(Brief descriptive captions)
┌──

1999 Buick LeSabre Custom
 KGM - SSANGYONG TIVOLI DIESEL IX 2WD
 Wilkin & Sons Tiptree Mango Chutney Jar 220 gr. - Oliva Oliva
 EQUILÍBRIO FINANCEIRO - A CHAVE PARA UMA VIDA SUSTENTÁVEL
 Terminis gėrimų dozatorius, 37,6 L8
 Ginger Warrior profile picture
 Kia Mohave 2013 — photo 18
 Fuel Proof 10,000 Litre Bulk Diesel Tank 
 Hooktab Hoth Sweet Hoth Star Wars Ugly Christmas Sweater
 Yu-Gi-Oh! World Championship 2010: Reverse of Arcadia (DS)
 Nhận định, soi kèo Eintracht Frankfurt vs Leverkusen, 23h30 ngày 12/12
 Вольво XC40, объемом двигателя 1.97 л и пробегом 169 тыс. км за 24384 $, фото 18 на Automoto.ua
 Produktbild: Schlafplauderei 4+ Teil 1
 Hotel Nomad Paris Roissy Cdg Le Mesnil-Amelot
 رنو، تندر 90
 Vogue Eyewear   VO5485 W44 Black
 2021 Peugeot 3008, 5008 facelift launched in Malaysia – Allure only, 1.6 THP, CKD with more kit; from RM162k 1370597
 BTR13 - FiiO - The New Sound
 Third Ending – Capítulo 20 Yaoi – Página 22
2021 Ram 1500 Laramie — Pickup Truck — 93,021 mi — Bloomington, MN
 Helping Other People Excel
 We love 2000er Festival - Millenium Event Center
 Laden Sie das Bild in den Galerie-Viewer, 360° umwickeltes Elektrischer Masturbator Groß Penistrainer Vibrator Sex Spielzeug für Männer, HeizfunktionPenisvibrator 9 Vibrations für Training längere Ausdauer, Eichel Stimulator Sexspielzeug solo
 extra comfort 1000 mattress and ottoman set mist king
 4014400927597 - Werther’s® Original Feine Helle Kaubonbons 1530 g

└──

Repeat, exactly as they stand above, the lines from the line with "Terminis gėrimų dozatorius, 37,6 L8" to the line with "رنو، تندر 90", both lines included.

## SOLUTION
 Terminis gėrimų dozatorius, 37,6 L8
 Ginger Warrior profile picture
 Kia Mohave 2013 — photo 18
 Fuel Proof 10,000 Litre Bulk Diesel Tank 
 Hooktab Hoth Sweet Hoth Star Wars Ugly Christmas Sweater
 Yu-Gi-Oh! World Championship 2010: Reverse of Arcadia (DS)
 Nhận định, soi kèo Eintracht Frankfurt vs Leverkusen, 23h30 ngày 12/12
 Вольво XC40, объемом двигателя 1.97 л и пробегом 169 тыс. км за 24384 $, фото 18 на Automoto.ua
 Produktbild: Schlafplauderei 4+ Teil 1
 Hotel Nomad Paris Roissy Cdg Le Mesnil-Amelot
 رنو، تندر 90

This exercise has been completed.